To do:
Leave out any pictures and transcribe all other data below exactly.

** Data follows **

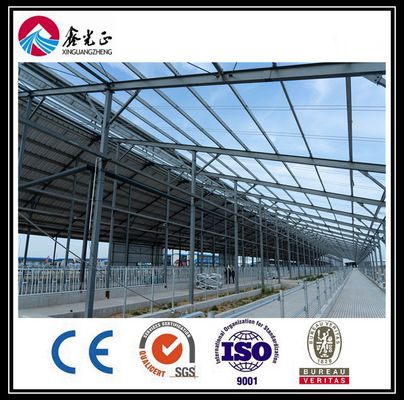 รับรอง SGS ของอาคารโกดังโลหะ Prefab ที่สามารถปรับแต่งได้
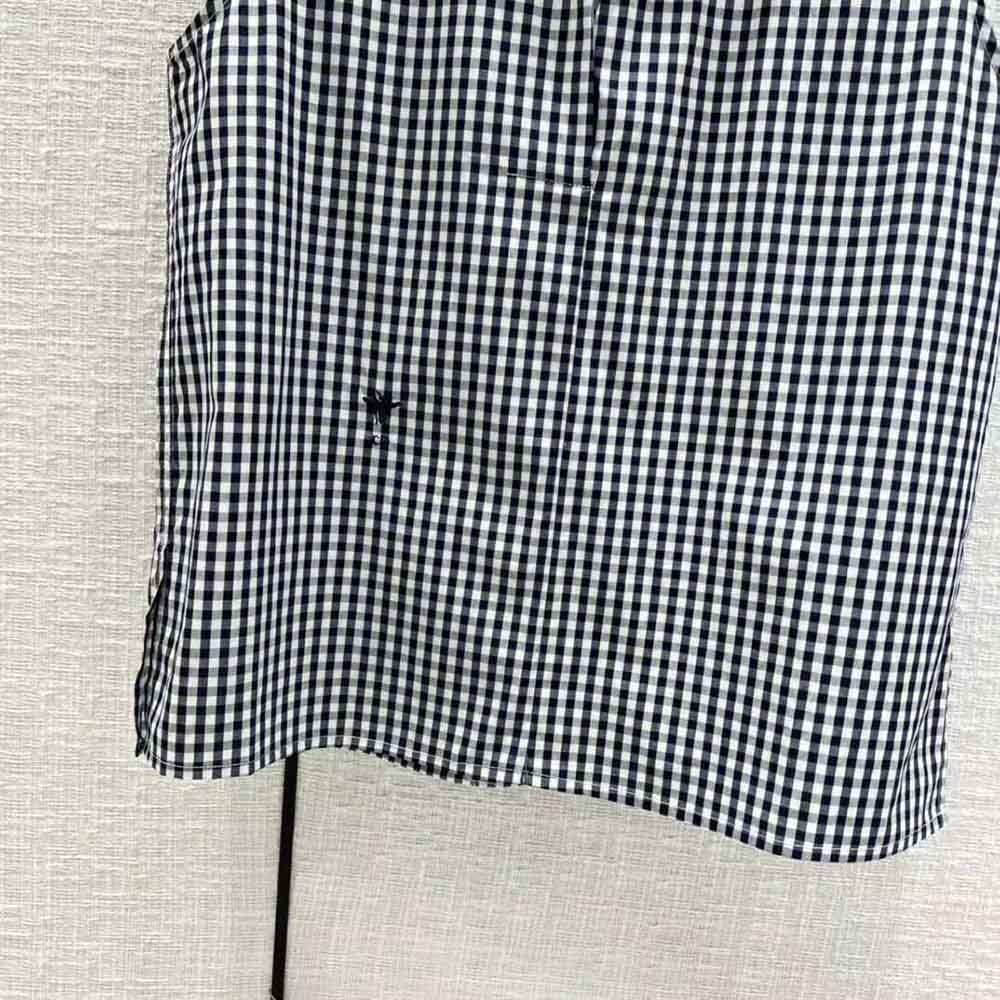 Dior Women Sleeveless Blouse Navy Blue D-Little Vichy Silk Canvas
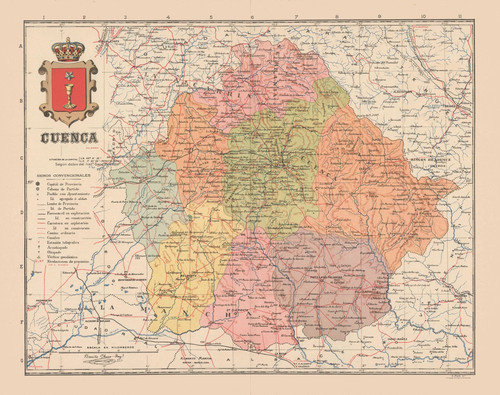 Mappa storica cuenca - mappa,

** End of Data **

Solution for this task:
 รับรอง SGS ของอาคารโกดังโลหะ Prefab ที่สามารถปรับแต่งได้
 Dior Women Sleeveless Blouse Navy Blue D-Little Vichy Silk Canvas
 Mappa storica cuenca - mappa,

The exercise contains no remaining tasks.